Write the listing out again word for word, skipping each picture.

Data excerpt -

....................

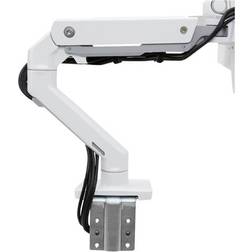 Ergotron Ergotron HX Desk Dual Arm mounting kit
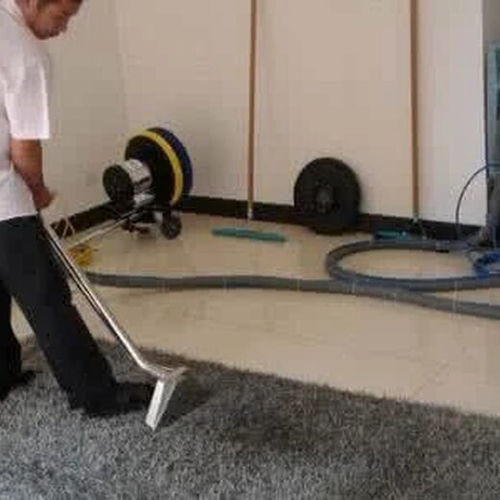 奉賢寫字樓地毯清洗與保潔服務 專業、高效、衛生無憂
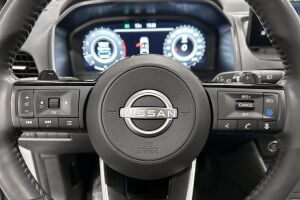 Nissan Qashqai esikatselu 18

....................

Solution to the exercise -
 Ergotron Ergotron HX Desk Dual Arm mounting kit
 奉賢寫字樓地毯清洗與保潔服務 專業、高效、衛生無憂
 Nissan Qashqai esikatselu 18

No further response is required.